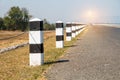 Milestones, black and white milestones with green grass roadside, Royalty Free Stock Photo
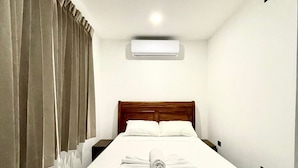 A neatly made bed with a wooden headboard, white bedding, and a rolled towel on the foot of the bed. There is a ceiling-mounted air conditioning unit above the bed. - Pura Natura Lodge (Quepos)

...

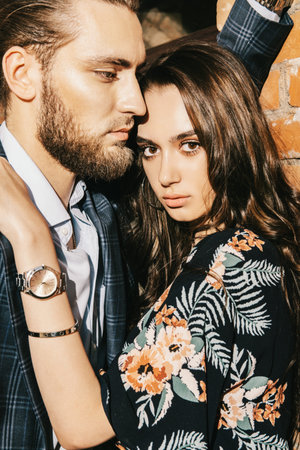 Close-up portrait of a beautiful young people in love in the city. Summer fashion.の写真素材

...

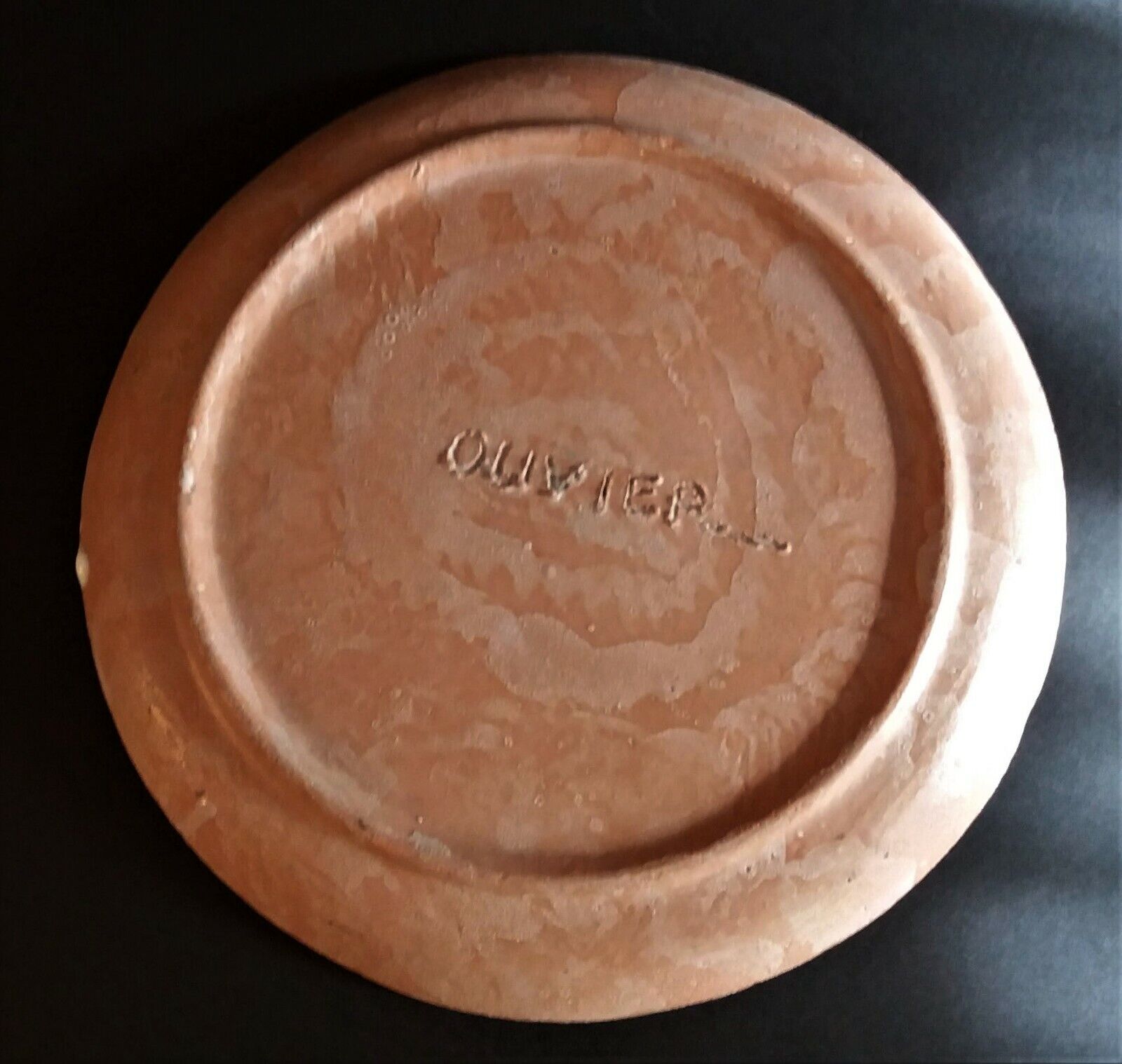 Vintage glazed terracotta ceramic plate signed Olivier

» WHAT IS REQUIRED:
What you need to produce is an exact copy of the entries above, limited to the lines from the one with "Milestones, black and" up to and including the one with "A neatly made", without pictures.

» ANSWER TO THIS EXERCISE:
 Milestones, black and white milestones with green grass roadside, Royalty Free Stock Photo
 A neatly made bed with a wooden headboard, white bedding, and a rolled towel on the foot of the bed. There is a ceiling-mounted air conditioning unit above the bed. - Pura Natura Lodge (Quepos)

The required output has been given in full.